Oui, sans ambiguïté. Si une compagnie forestière obtient une concession, aujourd’hui, c’est une très bonne nouvelle. Parce qu’elle fera un abattage sélectif sur 25 ans : il va rester de la forêt, certes abîmée, mais il va en rester.

Si une compagnie d’huile de palme obtient la même concession, il ne restera plus un arbre, c’est fini. Tout sera déforesté en 2 à 3 ans.

L’huile de palme, c’est une sorte de rouleau compresseur ?

Oui. A tous points de vue. Les politiques ne voient qu’elle. Je l’ai vécu. A Bornéo, j’avais créé une réserve de 700 hectares avec les autorités, officielle.

Mais au bout de cinq ans, le statut de cette zone a changé suite à des élections au parlement provincial. C’est devenu de l’huile de palme, tout a été déforesté.

La pression de l’industrie de l’huile de palme est énorme. Attention, je parle bien d’industrie et pas des compagnies. Si on regarde le cadastre stricto sensu, on voit les concessions attribuées au charbon, à l’huile de palme, aux mines…

Les autorités de Djakarta ne vont parler que de celui-ci. Mais cela ne reflète pas du tout la réalité du terrain, bien plus grave.

Les autres zones, destinées aux villageois et considérées sur le papier comme de la «forêt», sont rachetées à tour de bras par de grands propriétaires terriens qui y font de l’huile de palme à titre privé et vendent leurs récoltes à la compagnie d’à côté.

Même les compagnies labellisées RSPO (Table ronde pour l’huile de palme durable) achètent cette production, il n’y a pas de traçabilité sur le terrain.

L’automne 2015, la situation est devenue catastrophique…

Les incendies ont lieu tous les ans depuis 17-18 ans et l’arrivée de l’industrie de l’huile de palme dans les zones de tourbières à Sumatra et à Bornéo.

Le but, c’est de défricher au plus vite et le moins cher possible. Donc de brûler. Mais comme c’est de la tourbe, l’incendie peut devenir incontrôlable.

Le phénomène météo El Nino, en 1997-1998, a fait perdre plus de 2 millions d’hectares de forêt en Indonésie, à cause de ces incendies criminels devenus ingérables. Cela s’est répété en 2015. On n’a pas eu de pluie pendant trois mois et l’intensité des incendies est devenue apocalyptique.

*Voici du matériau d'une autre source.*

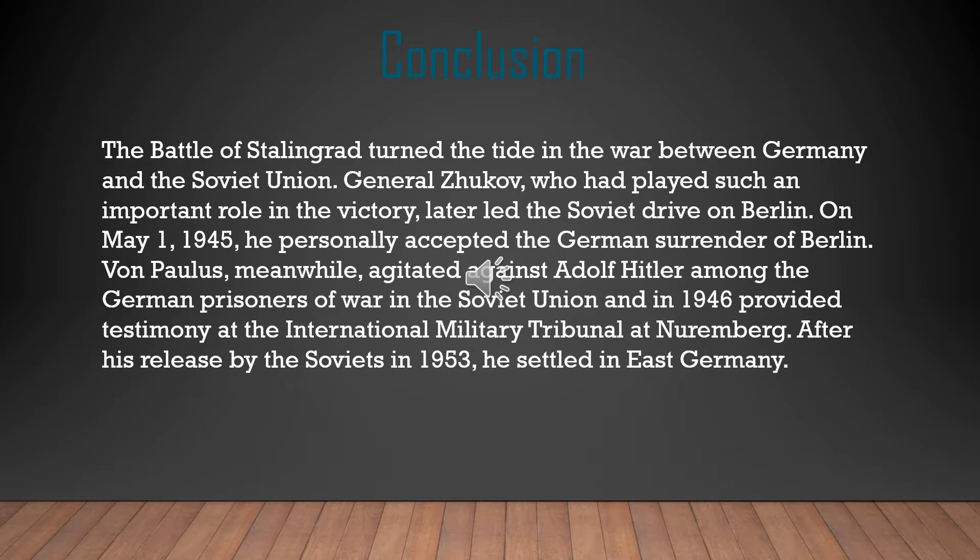The Battle of Stalingrad turned the tide of the war between Germany and the Soviet Union. General Zhukov, who played such an important role in the victory, later led the Soviet drive on Berlin, and on May 1st, 1945, personally accepted the German surrender of Berlin. Von Paulus, meanwhile, agitated against Adolf Hitler among German prisoners of war in the Soviet Union, and in 1946 provided testimony at the International Military Tribunal at Nuremberg.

Dans la province centrale de Kalimantan, où je vis, on ne voyait pas à 50 mètres. Les vendeurs à la sauvette, aux feux rouges, ne tenaient pas plus d’une heure avant de vomir. Enfants et personnes âgées étaient malades.

C’était très violent. Une vingtaine de décès ont été attribués aux incendies, sans compter tous les autres non répertoriés comme tels. C’était ahurissant. J’ai du mal à trouver les mots pour faire comprendre à quel point.

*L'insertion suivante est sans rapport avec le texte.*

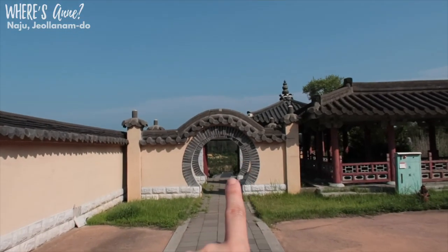I think this is the coolest. If you visit here, try to find these circles because they're really pretty.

Vous avez les yeux rouges, la trachée qui vous fait mal en permanence, tout ça pendant trois mois ! Les autorités disent de porter des masques, mais comment le faire faire à un gamin du matin au soir, par 30 degrés?

La population était assez passive, très à l’indonésienne. Les 32 ans de dictature de Suharto ont laissé des traces.

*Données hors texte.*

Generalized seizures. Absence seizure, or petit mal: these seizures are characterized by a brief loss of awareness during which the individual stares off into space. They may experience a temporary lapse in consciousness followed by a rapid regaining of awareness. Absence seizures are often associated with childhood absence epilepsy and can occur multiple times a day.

Les gens en avaient ras le bol, mais personne ne se révoltait ouvertement. Mais dès que je l’ai fait avec ma vidéo, tout le monde l’a utilisée pour dire «nous aussi on est en colère».

J’ai reçu des centaines de messages de soutien, les gens me disaient «merci de parler pour nous». Le succès de cette vidéo m’a dépassé. Je l’avais faite spontanément parce que j’étais en colère de voir mes gamins cracher du sang, impuissant.